▶ _Information supplied_
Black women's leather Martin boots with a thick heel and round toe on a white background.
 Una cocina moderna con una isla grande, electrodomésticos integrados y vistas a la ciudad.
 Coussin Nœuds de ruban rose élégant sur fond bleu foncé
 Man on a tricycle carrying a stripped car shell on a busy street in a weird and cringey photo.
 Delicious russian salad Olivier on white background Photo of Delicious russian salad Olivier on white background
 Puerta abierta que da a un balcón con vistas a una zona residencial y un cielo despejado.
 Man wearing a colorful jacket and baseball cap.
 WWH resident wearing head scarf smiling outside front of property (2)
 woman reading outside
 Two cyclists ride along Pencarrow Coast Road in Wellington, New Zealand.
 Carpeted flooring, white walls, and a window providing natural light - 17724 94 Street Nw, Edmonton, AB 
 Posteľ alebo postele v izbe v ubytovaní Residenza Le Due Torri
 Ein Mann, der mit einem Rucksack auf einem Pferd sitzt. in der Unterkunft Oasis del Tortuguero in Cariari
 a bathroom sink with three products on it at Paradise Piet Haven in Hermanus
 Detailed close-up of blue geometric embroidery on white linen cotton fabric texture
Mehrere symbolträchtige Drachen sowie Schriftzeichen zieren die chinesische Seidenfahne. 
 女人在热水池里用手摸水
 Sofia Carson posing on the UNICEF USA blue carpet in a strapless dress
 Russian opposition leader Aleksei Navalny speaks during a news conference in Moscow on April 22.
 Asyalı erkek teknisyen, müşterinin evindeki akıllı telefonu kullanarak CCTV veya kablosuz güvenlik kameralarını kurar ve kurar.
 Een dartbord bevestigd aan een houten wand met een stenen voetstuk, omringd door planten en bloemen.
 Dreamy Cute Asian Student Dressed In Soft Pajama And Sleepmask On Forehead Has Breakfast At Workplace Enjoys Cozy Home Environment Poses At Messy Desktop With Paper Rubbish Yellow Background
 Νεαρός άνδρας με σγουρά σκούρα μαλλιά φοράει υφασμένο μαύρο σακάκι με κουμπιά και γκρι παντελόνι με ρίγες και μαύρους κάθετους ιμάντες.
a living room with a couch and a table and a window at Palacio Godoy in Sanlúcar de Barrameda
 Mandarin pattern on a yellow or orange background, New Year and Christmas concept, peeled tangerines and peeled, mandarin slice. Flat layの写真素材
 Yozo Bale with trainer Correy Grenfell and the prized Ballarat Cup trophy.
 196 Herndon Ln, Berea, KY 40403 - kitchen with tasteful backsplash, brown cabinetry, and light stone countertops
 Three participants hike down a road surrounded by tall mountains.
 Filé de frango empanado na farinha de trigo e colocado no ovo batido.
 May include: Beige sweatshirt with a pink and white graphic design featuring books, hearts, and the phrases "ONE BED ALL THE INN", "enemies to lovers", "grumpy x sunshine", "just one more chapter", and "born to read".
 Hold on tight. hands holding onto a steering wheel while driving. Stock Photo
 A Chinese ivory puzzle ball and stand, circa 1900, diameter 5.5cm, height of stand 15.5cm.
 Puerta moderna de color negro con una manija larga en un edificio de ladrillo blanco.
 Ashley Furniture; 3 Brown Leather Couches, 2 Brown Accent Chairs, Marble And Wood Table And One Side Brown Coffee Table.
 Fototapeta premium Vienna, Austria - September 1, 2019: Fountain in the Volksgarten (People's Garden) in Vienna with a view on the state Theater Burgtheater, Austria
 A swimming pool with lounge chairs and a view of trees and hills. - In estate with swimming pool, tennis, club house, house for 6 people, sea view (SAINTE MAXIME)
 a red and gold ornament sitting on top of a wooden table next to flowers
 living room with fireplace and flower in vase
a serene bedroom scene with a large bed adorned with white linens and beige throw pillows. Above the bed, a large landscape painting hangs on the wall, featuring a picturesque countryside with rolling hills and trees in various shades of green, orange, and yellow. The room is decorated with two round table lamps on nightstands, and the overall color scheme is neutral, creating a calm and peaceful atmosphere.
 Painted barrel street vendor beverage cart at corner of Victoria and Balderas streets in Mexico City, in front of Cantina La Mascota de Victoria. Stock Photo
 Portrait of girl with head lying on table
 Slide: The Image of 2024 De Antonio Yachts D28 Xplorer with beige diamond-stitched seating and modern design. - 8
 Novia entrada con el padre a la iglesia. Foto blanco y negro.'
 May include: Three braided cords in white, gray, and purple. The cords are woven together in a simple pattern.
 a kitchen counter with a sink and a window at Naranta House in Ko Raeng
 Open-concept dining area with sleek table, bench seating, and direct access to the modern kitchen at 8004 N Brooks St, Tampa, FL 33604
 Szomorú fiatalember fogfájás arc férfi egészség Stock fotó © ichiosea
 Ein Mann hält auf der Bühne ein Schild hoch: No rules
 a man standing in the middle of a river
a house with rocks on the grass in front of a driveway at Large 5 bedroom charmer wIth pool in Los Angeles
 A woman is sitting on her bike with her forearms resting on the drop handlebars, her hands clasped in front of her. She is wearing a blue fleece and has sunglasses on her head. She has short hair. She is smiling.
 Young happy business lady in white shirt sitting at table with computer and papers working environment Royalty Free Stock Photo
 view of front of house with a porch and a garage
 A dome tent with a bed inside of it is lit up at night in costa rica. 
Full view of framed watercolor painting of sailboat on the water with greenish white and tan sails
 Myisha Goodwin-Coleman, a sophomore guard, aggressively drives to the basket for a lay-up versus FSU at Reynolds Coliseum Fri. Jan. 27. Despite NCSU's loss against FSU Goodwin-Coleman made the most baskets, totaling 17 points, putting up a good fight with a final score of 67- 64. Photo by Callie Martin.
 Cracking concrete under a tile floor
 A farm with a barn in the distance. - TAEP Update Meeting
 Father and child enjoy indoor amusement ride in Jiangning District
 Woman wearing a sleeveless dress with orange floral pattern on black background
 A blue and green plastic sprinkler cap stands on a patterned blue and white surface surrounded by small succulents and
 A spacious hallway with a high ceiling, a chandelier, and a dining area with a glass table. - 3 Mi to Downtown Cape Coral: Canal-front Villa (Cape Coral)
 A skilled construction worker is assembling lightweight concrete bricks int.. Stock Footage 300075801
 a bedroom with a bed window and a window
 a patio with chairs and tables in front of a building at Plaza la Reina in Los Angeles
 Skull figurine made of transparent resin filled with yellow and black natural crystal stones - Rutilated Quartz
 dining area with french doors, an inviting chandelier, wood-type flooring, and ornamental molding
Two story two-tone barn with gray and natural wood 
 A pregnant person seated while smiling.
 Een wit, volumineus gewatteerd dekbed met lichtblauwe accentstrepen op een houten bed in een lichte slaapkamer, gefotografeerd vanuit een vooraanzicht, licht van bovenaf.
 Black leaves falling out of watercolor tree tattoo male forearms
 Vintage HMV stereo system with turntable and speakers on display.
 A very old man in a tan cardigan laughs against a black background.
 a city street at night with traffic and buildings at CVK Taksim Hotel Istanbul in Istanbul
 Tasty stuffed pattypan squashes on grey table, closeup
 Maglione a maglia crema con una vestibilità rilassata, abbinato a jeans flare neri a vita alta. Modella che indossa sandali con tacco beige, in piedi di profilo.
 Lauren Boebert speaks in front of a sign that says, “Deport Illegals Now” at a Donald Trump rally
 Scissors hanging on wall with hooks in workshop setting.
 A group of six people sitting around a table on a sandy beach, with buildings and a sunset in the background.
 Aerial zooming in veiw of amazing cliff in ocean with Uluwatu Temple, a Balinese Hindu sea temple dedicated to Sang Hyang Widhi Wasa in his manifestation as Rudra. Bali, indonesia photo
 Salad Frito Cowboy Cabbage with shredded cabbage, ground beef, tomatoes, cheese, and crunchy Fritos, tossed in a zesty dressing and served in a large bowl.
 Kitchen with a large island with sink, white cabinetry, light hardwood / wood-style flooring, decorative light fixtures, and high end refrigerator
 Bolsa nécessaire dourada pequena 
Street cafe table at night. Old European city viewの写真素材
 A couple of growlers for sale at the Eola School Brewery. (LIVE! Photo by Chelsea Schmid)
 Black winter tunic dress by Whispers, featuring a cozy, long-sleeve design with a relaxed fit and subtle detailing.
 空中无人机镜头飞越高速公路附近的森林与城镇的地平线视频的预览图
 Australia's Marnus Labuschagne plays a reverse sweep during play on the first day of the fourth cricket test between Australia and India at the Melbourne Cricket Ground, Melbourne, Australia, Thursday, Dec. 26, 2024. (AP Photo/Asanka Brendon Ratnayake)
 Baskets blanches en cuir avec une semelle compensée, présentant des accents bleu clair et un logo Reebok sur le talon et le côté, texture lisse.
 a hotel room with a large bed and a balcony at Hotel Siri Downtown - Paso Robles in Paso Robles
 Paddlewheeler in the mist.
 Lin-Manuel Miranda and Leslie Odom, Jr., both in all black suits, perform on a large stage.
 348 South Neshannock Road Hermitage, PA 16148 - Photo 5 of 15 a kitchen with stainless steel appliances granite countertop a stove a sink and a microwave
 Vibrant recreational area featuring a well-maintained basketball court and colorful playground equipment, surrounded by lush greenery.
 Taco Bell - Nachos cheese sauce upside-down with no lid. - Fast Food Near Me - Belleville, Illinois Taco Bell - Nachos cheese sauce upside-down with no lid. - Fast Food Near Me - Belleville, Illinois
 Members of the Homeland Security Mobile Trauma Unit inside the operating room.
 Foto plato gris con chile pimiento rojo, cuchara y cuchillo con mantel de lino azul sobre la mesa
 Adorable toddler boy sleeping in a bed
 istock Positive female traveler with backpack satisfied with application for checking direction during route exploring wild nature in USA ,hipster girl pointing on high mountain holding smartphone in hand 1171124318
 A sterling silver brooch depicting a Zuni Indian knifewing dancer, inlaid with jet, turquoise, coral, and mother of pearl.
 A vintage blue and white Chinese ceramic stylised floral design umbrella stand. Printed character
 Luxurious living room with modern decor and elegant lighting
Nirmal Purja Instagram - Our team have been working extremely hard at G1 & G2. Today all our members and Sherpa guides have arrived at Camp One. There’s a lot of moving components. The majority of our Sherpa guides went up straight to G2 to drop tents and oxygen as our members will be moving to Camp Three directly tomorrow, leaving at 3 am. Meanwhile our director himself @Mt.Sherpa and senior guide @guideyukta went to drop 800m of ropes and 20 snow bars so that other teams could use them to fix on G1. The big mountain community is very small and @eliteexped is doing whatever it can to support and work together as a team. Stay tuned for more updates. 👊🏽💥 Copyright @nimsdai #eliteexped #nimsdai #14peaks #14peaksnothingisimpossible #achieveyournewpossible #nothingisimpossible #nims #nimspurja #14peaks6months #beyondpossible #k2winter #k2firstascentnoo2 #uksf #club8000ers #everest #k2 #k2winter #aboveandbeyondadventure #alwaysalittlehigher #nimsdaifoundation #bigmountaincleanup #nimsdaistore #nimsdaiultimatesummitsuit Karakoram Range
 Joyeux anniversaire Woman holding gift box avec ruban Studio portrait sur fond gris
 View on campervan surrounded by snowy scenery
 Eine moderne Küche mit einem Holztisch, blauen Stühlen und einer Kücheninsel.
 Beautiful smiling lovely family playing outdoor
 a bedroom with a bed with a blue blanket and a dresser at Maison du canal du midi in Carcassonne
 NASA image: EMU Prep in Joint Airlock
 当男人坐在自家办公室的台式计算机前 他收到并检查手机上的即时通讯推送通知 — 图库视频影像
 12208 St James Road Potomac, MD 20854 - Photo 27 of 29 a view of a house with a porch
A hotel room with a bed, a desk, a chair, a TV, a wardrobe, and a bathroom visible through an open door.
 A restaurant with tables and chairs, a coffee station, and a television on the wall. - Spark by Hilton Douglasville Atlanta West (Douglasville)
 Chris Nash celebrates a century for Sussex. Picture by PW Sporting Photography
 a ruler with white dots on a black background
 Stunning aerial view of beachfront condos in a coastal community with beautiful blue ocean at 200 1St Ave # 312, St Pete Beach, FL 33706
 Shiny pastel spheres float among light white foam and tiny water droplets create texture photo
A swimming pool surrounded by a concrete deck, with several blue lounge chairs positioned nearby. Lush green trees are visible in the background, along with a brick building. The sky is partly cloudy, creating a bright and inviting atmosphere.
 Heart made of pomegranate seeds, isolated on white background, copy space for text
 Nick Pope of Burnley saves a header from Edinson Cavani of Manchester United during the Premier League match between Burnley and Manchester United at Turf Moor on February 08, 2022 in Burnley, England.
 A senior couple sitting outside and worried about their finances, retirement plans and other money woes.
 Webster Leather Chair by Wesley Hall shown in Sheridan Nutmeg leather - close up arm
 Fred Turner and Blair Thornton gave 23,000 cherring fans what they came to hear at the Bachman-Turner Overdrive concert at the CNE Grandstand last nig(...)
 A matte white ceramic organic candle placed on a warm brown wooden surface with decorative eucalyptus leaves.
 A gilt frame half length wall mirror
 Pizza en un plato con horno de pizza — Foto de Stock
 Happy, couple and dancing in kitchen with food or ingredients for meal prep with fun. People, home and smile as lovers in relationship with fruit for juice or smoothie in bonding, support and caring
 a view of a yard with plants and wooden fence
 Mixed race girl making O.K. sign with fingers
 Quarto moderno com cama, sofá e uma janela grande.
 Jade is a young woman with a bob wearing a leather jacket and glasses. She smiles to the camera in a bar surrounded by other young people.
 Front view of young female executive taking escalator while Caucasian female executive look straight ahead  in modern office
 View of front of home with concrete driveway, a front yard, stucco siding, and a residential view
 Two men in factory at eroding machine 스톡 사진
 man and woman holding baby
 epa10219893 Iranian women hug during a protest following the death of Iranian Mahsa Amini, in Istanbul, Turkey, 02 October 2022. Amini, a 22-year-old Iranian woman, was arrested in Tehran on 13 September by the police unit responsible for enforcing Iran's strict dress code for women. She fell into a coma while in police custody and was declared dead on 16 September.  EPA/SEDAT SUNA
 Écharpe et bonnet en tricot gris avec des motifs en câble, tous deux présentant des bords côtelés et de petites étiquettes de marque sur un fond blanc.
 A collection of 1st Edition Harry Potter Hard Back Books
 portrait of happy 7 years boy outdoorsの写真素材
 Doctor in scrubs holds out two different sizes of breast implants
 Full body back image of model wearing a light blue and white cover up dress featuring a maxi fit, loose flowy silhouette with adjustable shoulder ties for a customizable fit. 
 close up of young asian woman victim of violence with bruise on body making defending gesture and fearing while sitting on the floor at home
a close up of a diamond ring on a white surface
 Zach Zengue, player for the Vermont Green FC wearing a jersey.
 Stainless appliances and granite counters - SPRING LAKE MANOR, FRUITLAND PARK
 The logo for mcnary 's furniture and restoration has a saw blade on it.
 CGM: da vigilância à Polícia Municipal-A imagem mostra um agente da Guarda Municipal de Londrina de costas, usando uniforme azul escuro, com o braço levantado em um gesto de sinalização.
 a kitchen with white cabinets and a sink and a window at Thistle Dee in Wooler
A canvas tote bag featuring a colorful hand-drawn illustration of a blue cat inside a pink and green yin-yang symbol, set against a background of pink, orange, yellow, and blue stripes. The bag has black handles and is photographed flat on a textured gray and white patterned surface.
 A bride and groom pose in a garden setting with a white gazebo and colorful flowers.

▶ _What the task requires_
Go through the material above and count the lines that contain "bathroom"; answer with the number alone.

▶ _Solution_
2